The film was nominated for two CableACE awards, one being "Actress in a Movie or Miniseries" (Christine Lahti), and the other being "Directing a Movie or Miniseries" (Leon Ichaso).

==Plot==
Agoraphobic children's book illustrator Meredith Cole is unable to leave her own home, and since her husband leaves, she decides to place an ad in the paper for someone to rent her guest bedroom. Jane Caswell rents the room, whilst her alleged brother Pete Caswell soon joins the household too, although it becomes clear that they are both not what they seem. Jane claims she's a vet and her brother claims he's a cop. Things go to extremes when Cole finds evidence of their criminal activity, leading the two young psychos-in-love to terrorize her. When Jane kidnaps and threatens to kill Cole's son, she has no choice but to overcome her paralyzing fears and attempt to leave her home to save him.

==Cast==
- Christine Lahti as Meredith Cole
- Dylan McDermott as Pete Caswell
- Jennifer Rubin as Jane Caswell
- David Ackroyd as Brandon Cole
- Thomas Ian Nicholas as Sean Cole
- Paul Linke as Carl Landers
- Mike Barger as Carlos Salcido
- Gloria McCord as Carolyn Lancaster

==Reception==
Upon release, Los Angeles Times gave a favorable review and wrote: "...the production is a cut or two above most suspense stories because of the gripping performances and a script that takes the old premise of a victim trapped in her house and turns it into a crackling sexual/psychological shocker." People gave a C− grade and described the film as a "routine thriller". They commented: "Woman-in-peril movies show up on TV as often as Dan Quayle jokes. There are a few tense moments, thanks to Rubin's manic-performance and some noir-ish camera work. The excitement evaporates as the story becomes increasingly predictable. When the movie gels down to its big finish, it has become more silly than scary. The ending goes on forever, with Lahti continually breaking free from these wackos and then getting recaptured. Viewer interest is likely to wane long before Lahti gets around to tackling her fear of the outdoors."

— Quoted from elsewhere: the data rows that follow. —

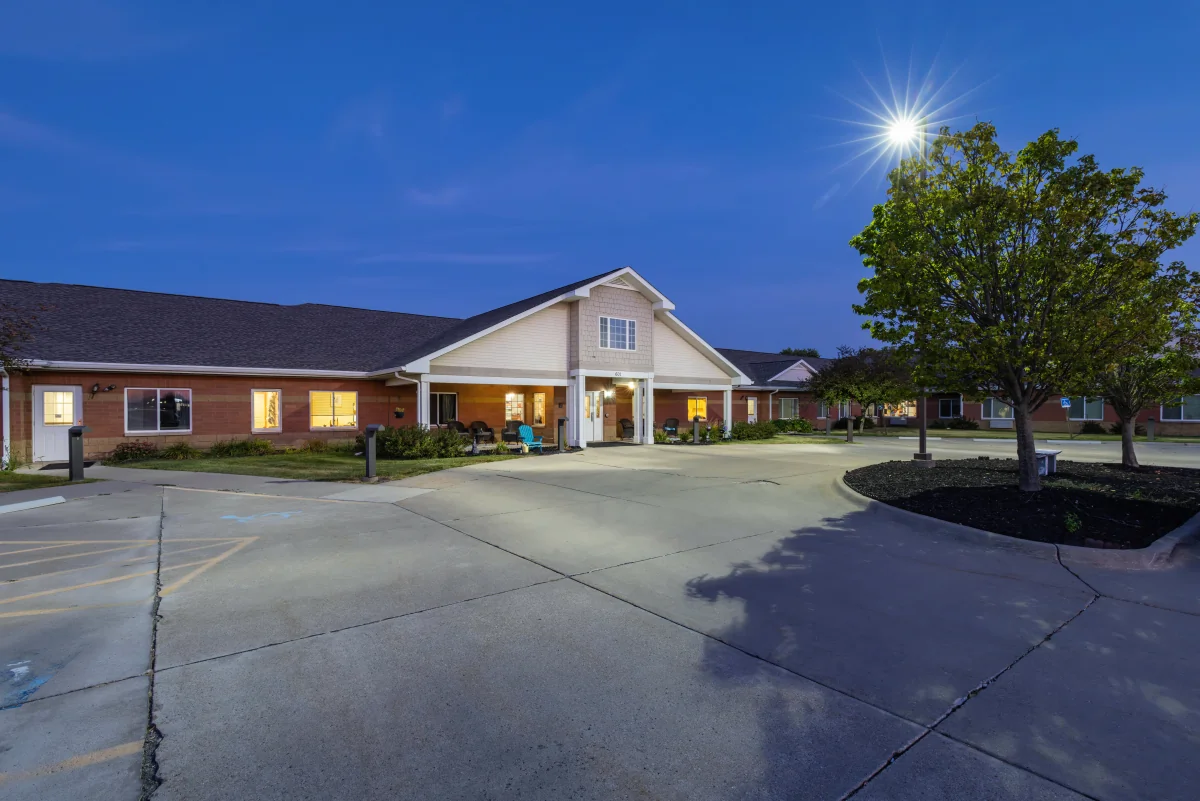 https://www.jaybirdseniorliving25.net/wp-content/uploads/2023/12/Courtyard_Estates_at_Hawthorne_Crossing_25_1200.webp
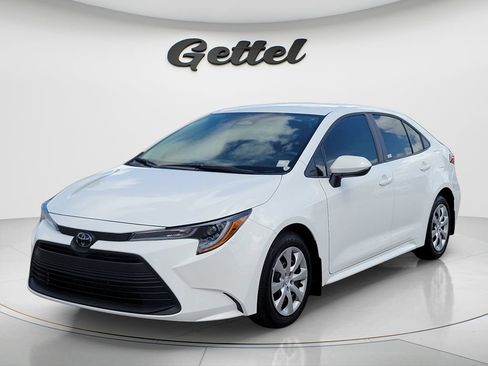 Certified 2025 Toyota Corolla LE FWD image 1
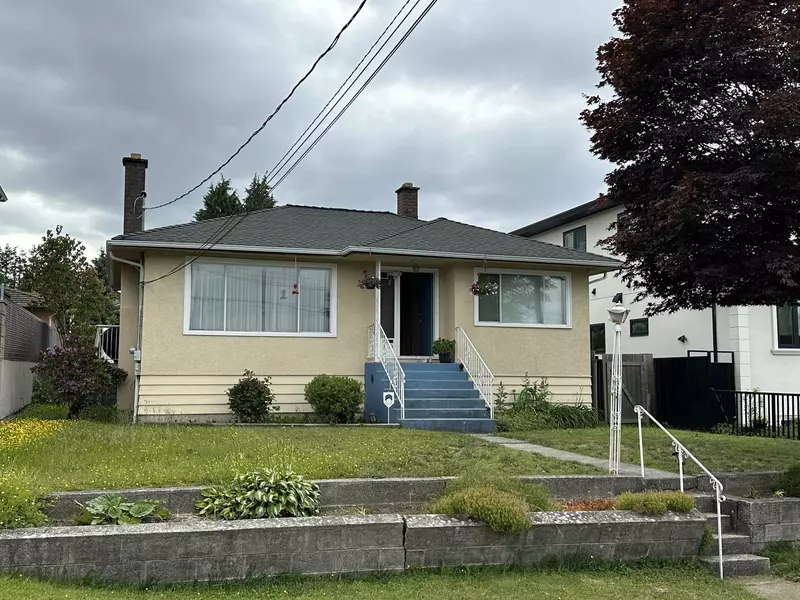 5529 Booth AVE, Burnaby, BC V5H 3A5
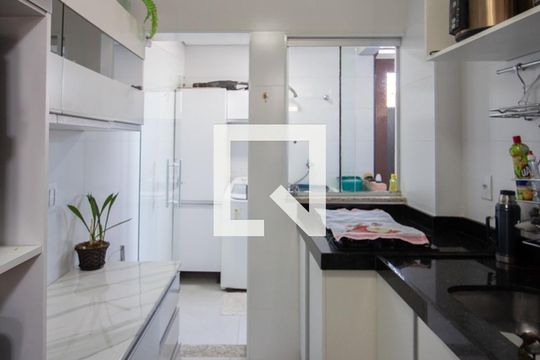 Apartamento para alugar com 3 quartos, 110m² em Vila Jardim Leblon, Belo Horizonte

Entertainment Weekly wrote an unfavorable review, stating: "How a fine actress like Christine Lahti got involved in a miserable project like The Fear Inside is one of the mysteries of summer-doldrums TV." Describing the storyline as a "stretch", the reviewer added: "...still, there is unexpected humor: as Rubin's character becomes more and more criminally insane, her hair goes wild in a Phyllis Diller-ish way and her eyes bug out like Michael Keaton's in Beetlejuice. Now, that's entertainment." On the UK VHS release, the Los Angeles Times also quoted "gripping performances - coiled like a spring". On the same cover, New York Daily News wrote: "Not a film for the faint of heart". Both the TV Guide Network and Hal Erickson of AllMovie gave the film three out of five stars.

==Home media==
The film was released on VHS in America and the UK, with the American distribution being handled by Media Home Entertainment.